The Cameron film Avatar has overtaken the Cameron-epic Titanic as the highest grossing film ever with global box office receipts of £1.15 billion. (Titanic’s takings had finally petered out £1.14 billion.)
The news has arrived even as I am still digesting the meeting I attended yesterday on how the nexus between the Indian government and international corporations is leading to a plunder of the rich mineral resources of the Indian states of Orissa, Chhatisgarh and Jharkhand. The talk was organised by a bunch of activist students of SOAS at the university itself.
So this is what is happening: Mining companies have found a region with mouth-watering minerals in the middle of India. They’d love to get their hands on it. All’s well except for some pesky tribals who have been living there for centuries. Yes, they want development but one that is sustainable and in which they have a say. The corporations think otherwise. Struggle ensues and abuse of the tribal community follows.
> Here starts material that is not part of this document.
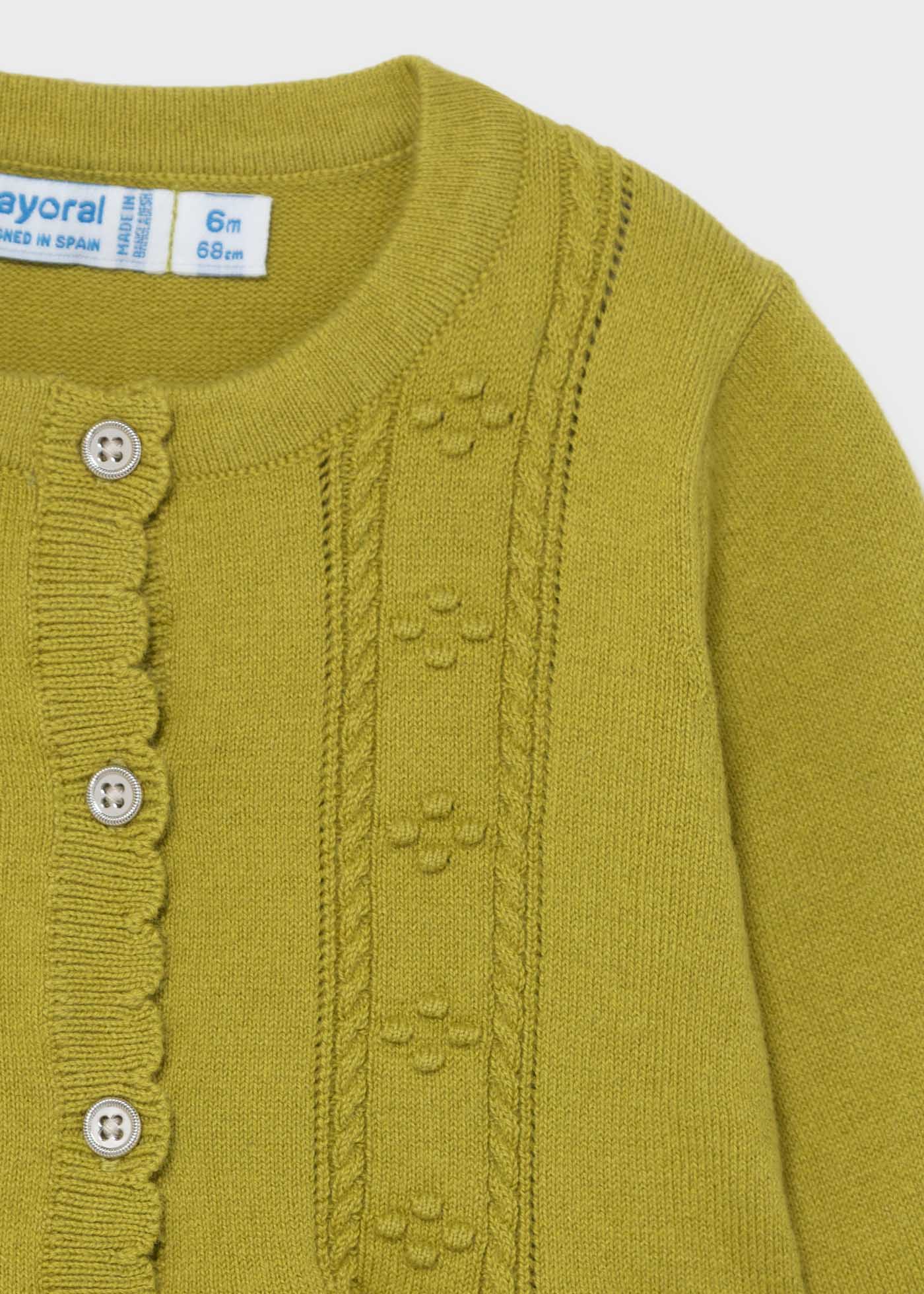 AW21 MAYORAL Baby Girls Olive Knitted Cardigan - 2387
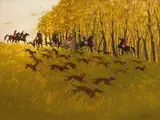 Tatyana Palchuk, Hunting with Grey Hounds·Autumn, 2005, Oil on linen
Sounds similar? But not quite. Apart from the fact that the Indian tribal communities are not bioluminiscent blue and are evidently tailless - there will be no decisive war between the evil corporation and the innocent tribals (with some timely help from three-horned rhinos tipping the scales in favour of the latter). Cameron made his job easy by taking us to a foreign land inhabited by aliens. The tribes owned that land, and a company from elsewhere wanted to plunder it. It was neat banal binary.
But what we are experiencing in India is more complex. It isn’t just some alien company arriving out of nowhere taking away the lands of the tribal communities. These foreign companies are coming in with the express permission of the Indian government, which technically represents the tribes as well. It has the authority to decide what kind of development it wants for these regions – and it has decided, rightly or wrongly, that industrial development is the way to go. And we cannot deny that other parts of India, other communities, other classes, stand to benefit from this growth (at least in the short-run).
The struggle in India, unlike the one in planet Pandora, is one about different people in the same country having a different vision for development. It isn’t just a question of throwing one or two British corporations out of Orissa and West Bengal. The government will bring in others, perhaps Indian companies, for the job. Will that be somehow better?
The question is not about corporations. It is about what vision of development do different communities and classes of India have, how to make sure that all voices are heard in the discussion, how do we arrive at a consensus, and when the final decision is made who is asked to sacrifice.
Unfortunately, no timely appearance of three-horned rhinos will help us arrive at an answer to this one.